On 2021/9/2 16:50, Richard Biener wrote:
> On Thu, 2 Sep 2021, Richard Biener wrote:
>
>> On Thu, 2 Sep 2021, Xionghu Luo wrote:
>>
>>>
>>>
>>> On 2021/9/1 17:58, Richard Biener wrote:
>>>> This fixes the CFG walk order of fill_always_executed_in to use
>>>> RPO oder rather than the dominator based order computed by
>>>> get_loop_body_in_dom_order. That fixes correctness issues with
>>>> unordered dominator children.
>>>>
>>>> The RPO order computed by rev_post_order_and_mark_dfs_back_seme in
>>>> its for-iteration mode is a good match for the algorithm.
>>>>
>>>> Xionghu, I've tried to only fix the CFG walk order issue and not
>>>> change anything else with this so we have a more correct base
>>>> to work against.
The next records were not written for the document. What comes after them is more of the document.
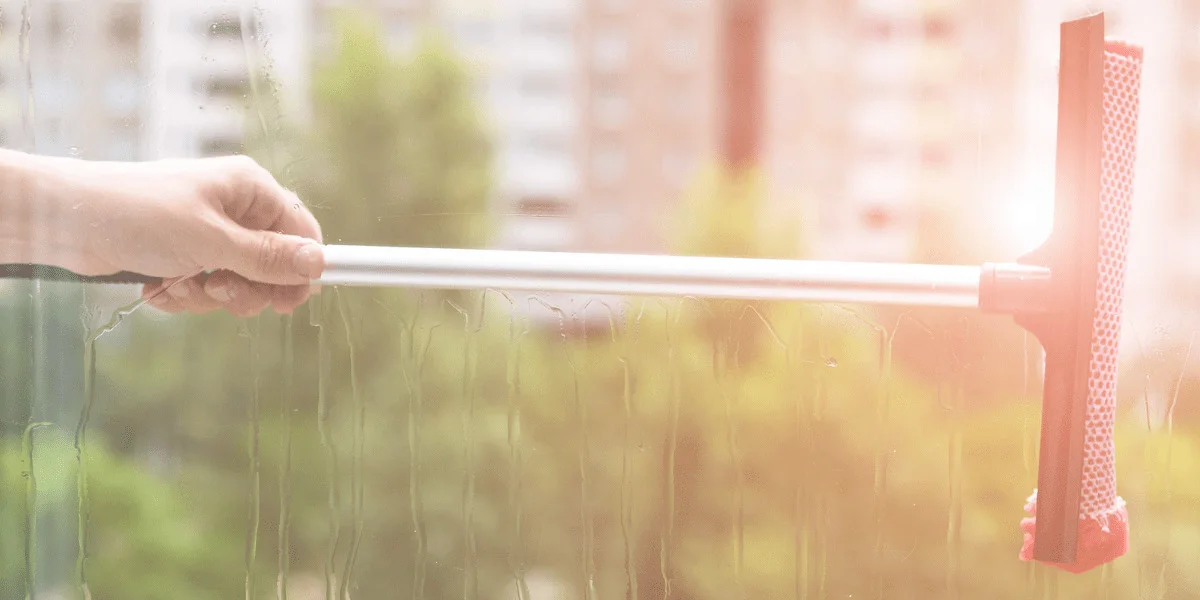 Window washing before the hot weather starts is just one thing you should have on your to-do checklist to get organised for summer. Image shows a hand pulling a squeegee across a freshly washed window. The weather looks warm and summery. The image is for a blog post about getting everything at home organised for the summer so that you can enjoy the warmer weather without worrying about chores, housekeeping, or home repairs and maintenance.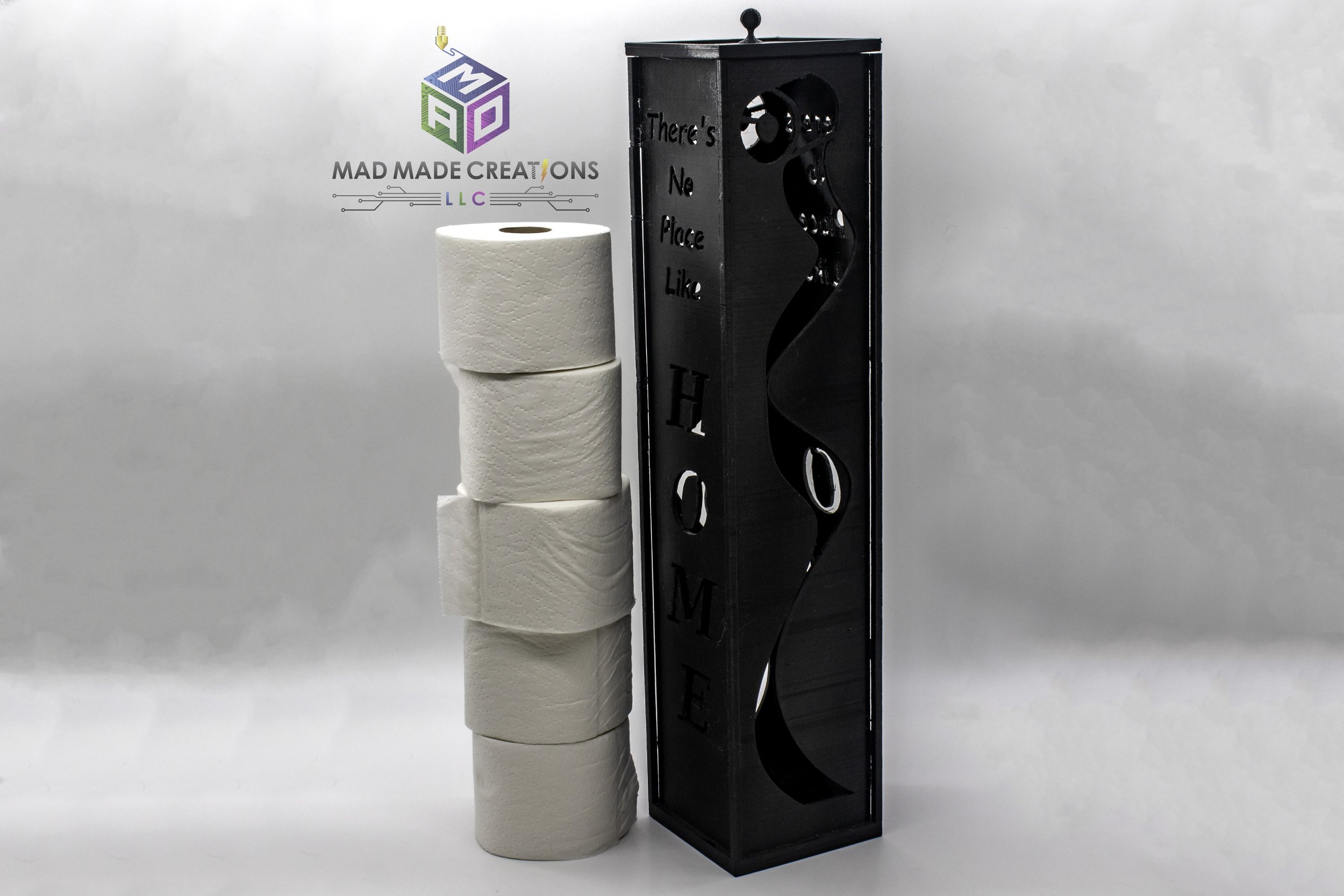 Vertical black 3D printed toilet paper holder with 'There's No Place Like HOME' cutout design, standing next to stacked toilet paper rolls – decorative bathroom storage by MAD Made Creations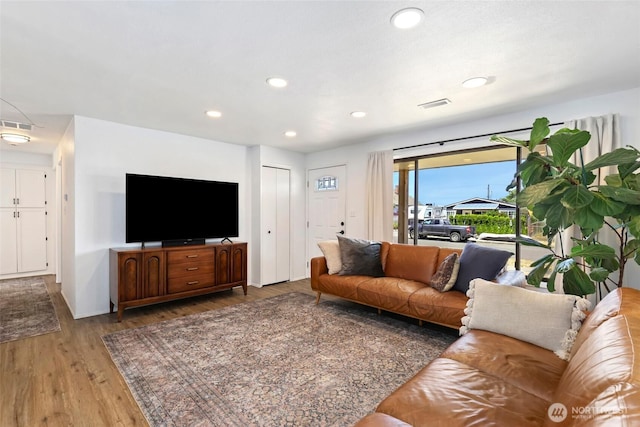 5128 N 48th St, Tacoma, WA 98407 - living room featuring wood finished floors and recessed lighting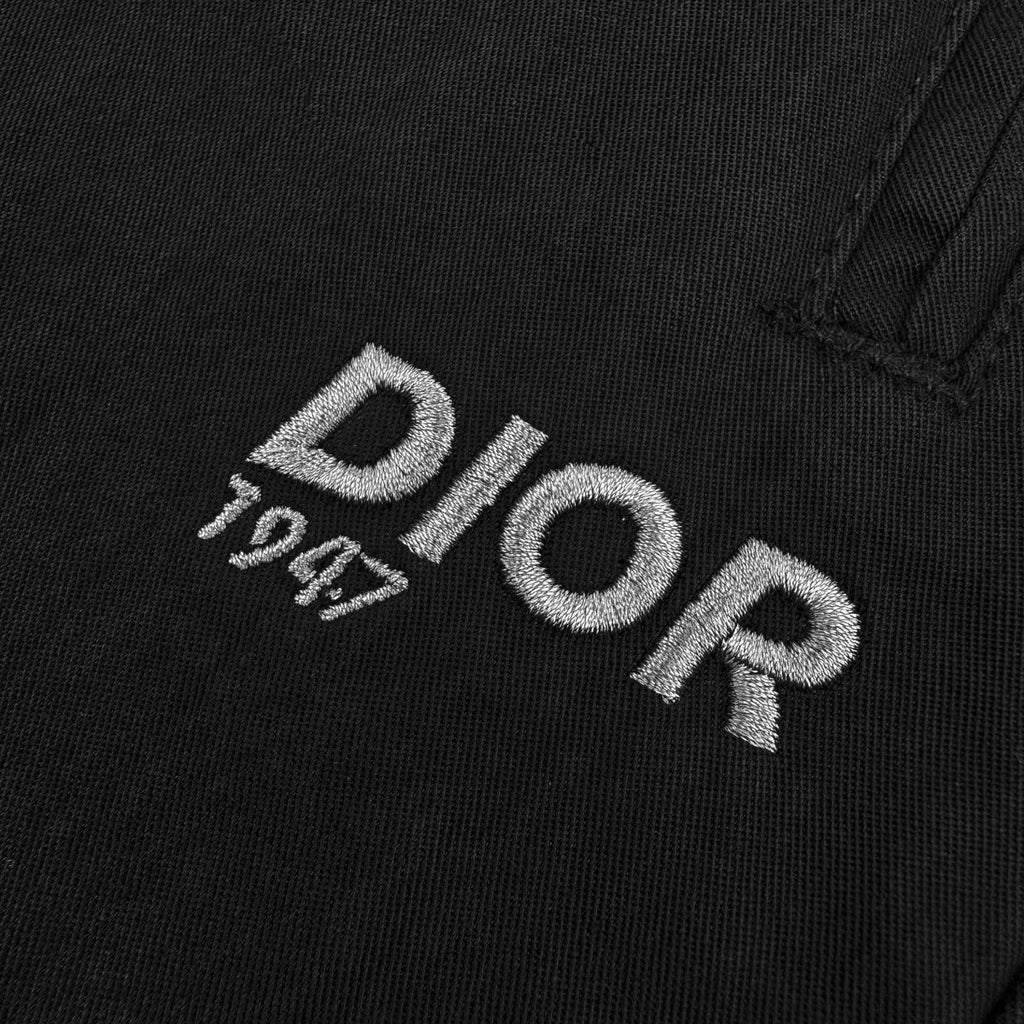 Dior logo embroidery on black fabric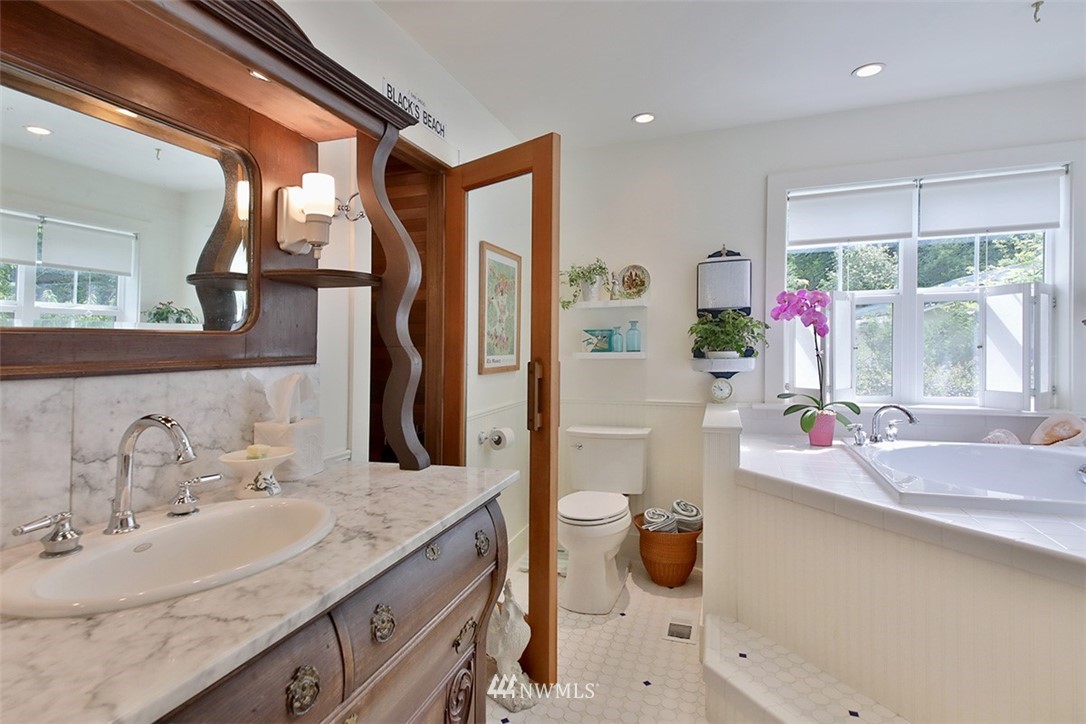 1618 & 1616 Lancaster Road Freeland, WA 98249 - Photo 14 of 40 a bathroom with a sink double vanity and a mirror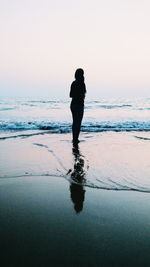 Silhouette woman standing on beach against clear sky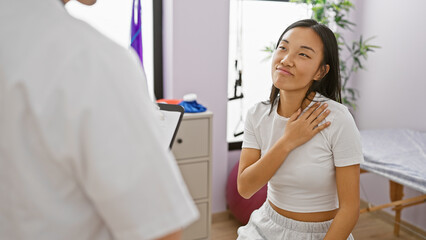 A woman patient expressing discomfort to a doctor at a physiotherapy session indoors.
The code still walks inner loop bodies
>>>> up to loop depth times and thus is quadratic in the loop depth.
>>>>
>>>> Bootstrapped and tested on x86_64-unknown-linux-gnu, if you don't
>>>> have any comments I plan to push this and then revisit what we
>>>> were circling around.
>>>
>>> LGTM, thanks.
>>
>> I pushed it, thought again in the attempt to build a testcase and
>> concluded I was wrong with the appearant mishandling of
>> contains_call - get_loop_body_in_dom_order seems to be exactly
>> correct for this specific case. So I reverted the commit again.
>
> And I figured what the
>
> /* In a loop that is always entered we may proceed anyway.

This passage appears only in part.